• _Your assignment_:
The result should be an exact copy of only the lines from the one with "O estilista Valentino" through the last line of the data below, with pictures omitted.

Records from a data source:
*** Block opens ***
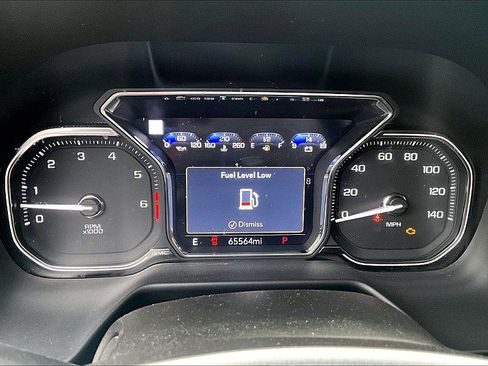 Used 2021 GMC Yukon SLT w/ SLT Premium Package image 21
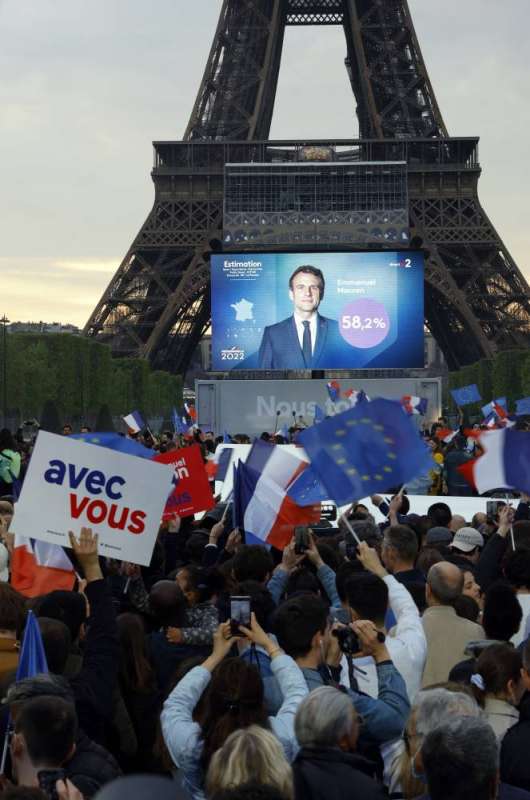أنصار ماكرون يحتفلون بفوزه قرب برج إيفل (رويترز)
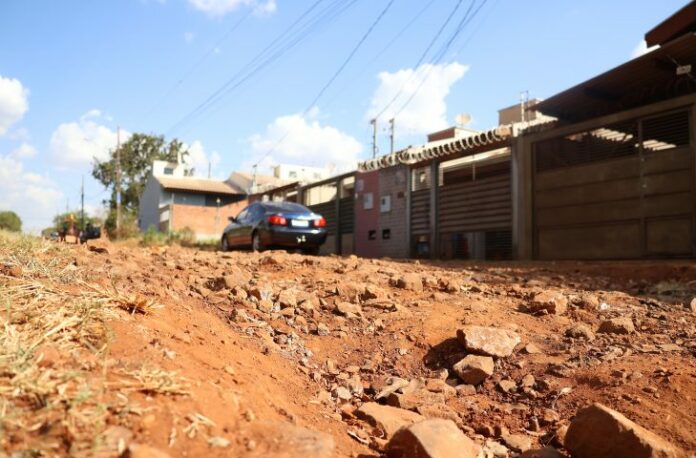 Você está visualizando atualmente MS Ativo avança para asfaltar novo acesso Parque Lageado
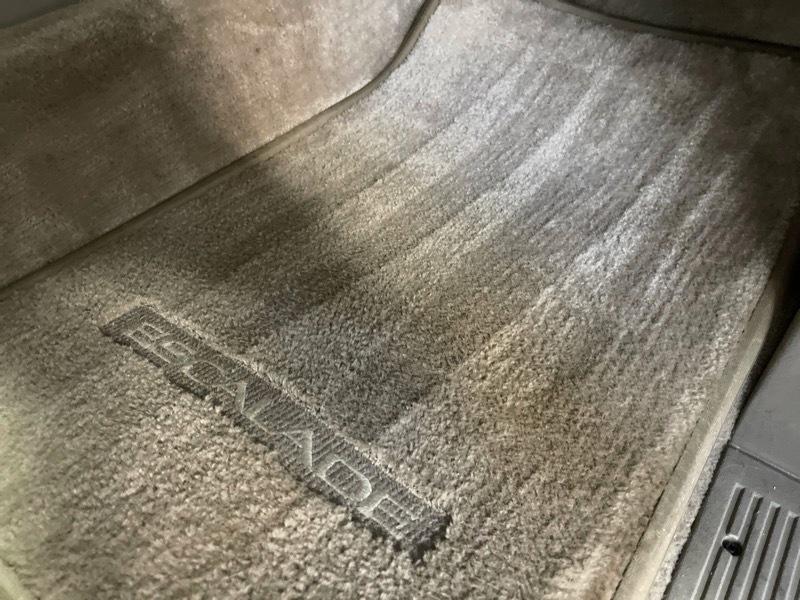 Cadillac Escalade 4WD 1999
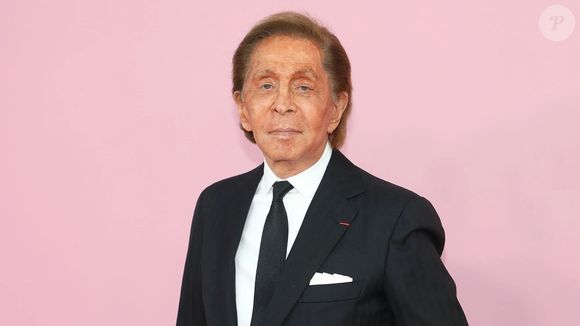 O estilista Valentino teve a morte revelada aos 93 anos em 19 de janeiro de 2026: ele foi um dos maiores ícones da moda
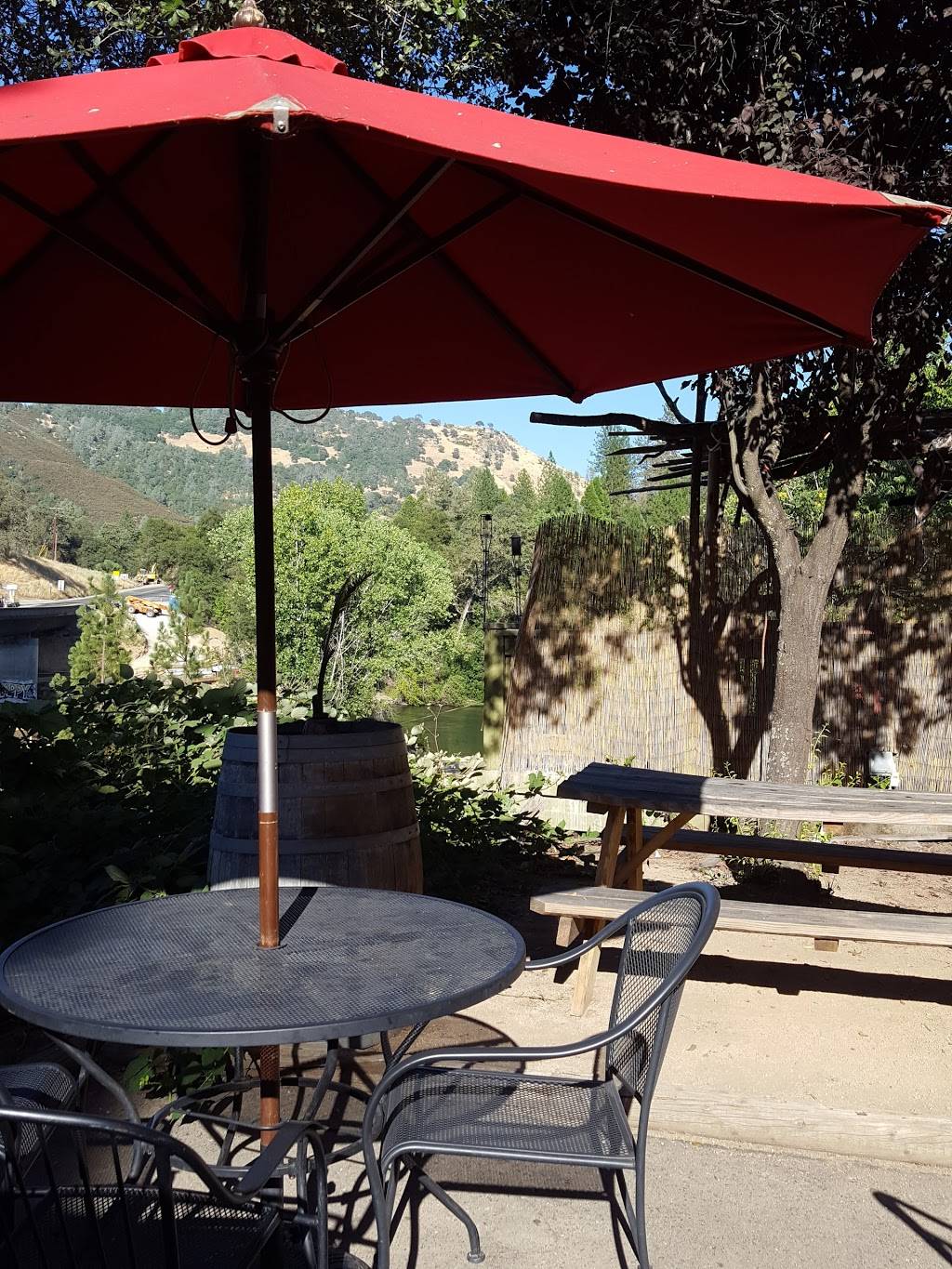 Squallys - On The River | restaurant | 7310 CA-49, Lotus, CA 95651, USA | 5306221213 OR +1 530-622-1213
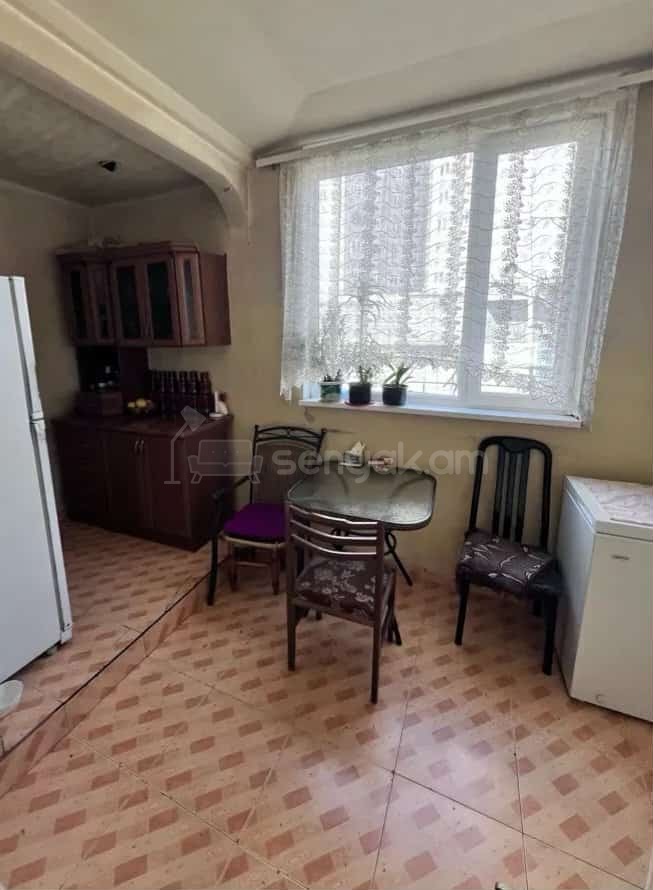 2 Սենյականոց Բնակարան, 57քմ, 2/5 հարկ, Կապիտալ Վերանորոգված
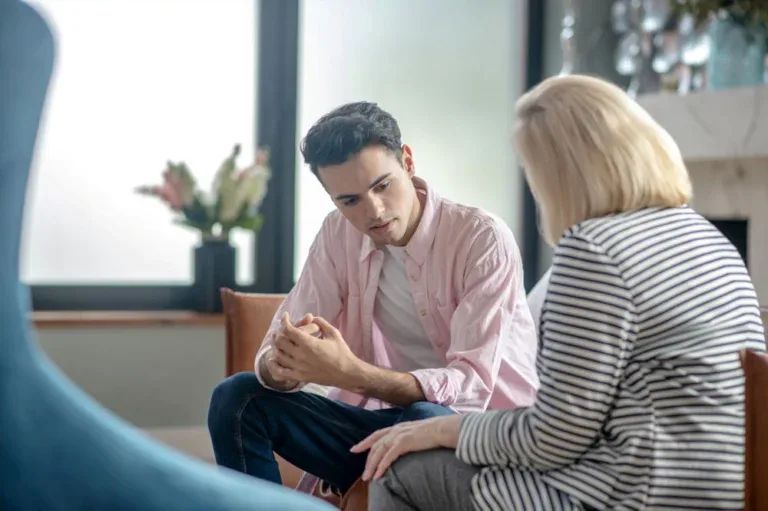 virtual-iop-recovery-alabama teen boy asking therapist about virtual IOP for recovery care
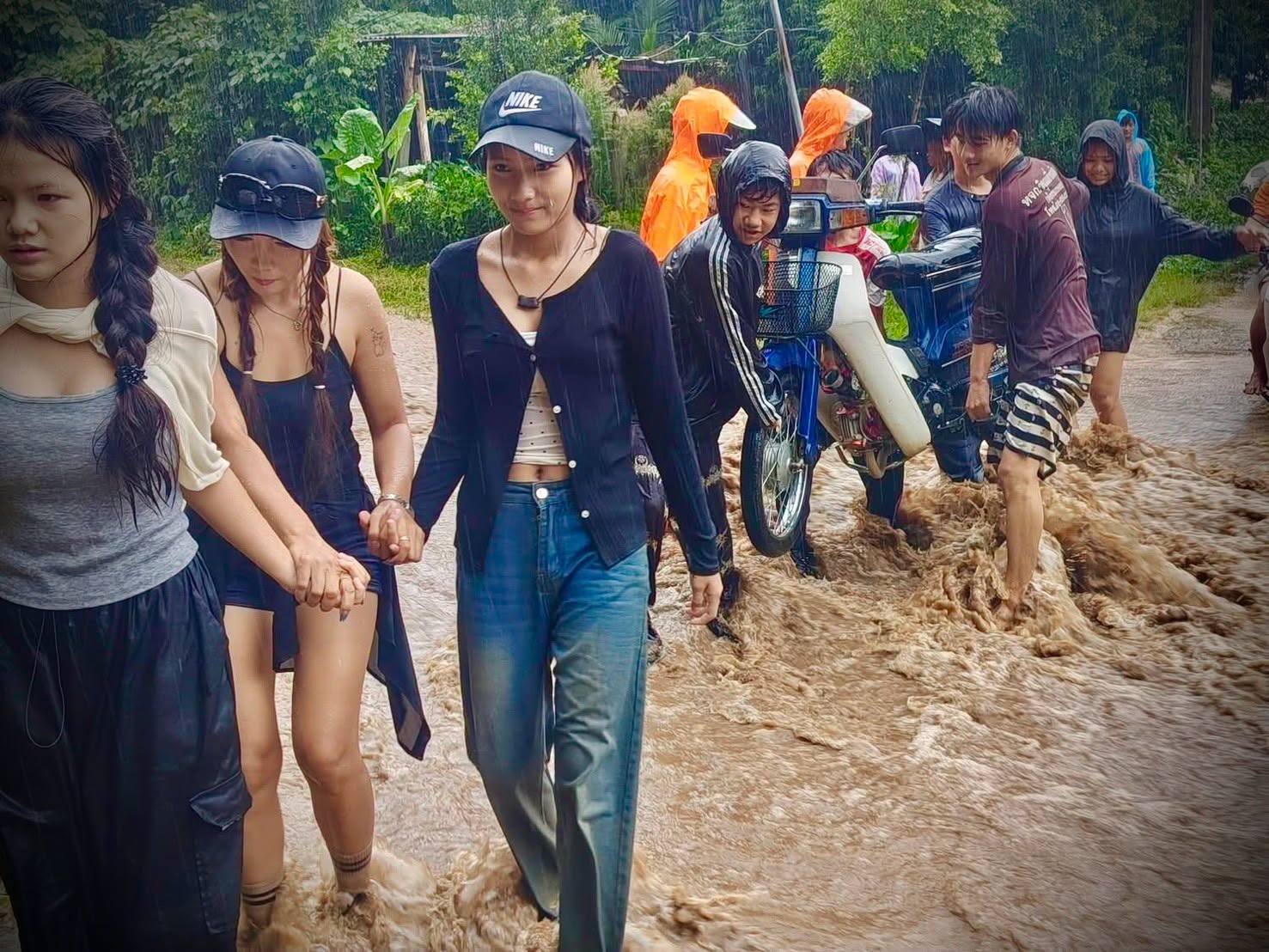tourists rescued after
*** Block closes ***
• _Solution_:
 O estilista Valentino teve a morte revelada aos 93 anos em 19 de janeiro de 2026: ele foi um dos maiores ícones da moda
 Squallys - On The River | restaurant | 7310 CA-49, Lotus, CA 95651, USA | 5306221213 OR +1 530-622-1213
 2 Սենյականոց Բնակարան, 57քմ, 2/5 հարկ, Կապիտալ Վերանորոգված
 virtual-iop-recovery-alabama teen boy asking therapist about virtual IOP for recovery care
tourists rescued after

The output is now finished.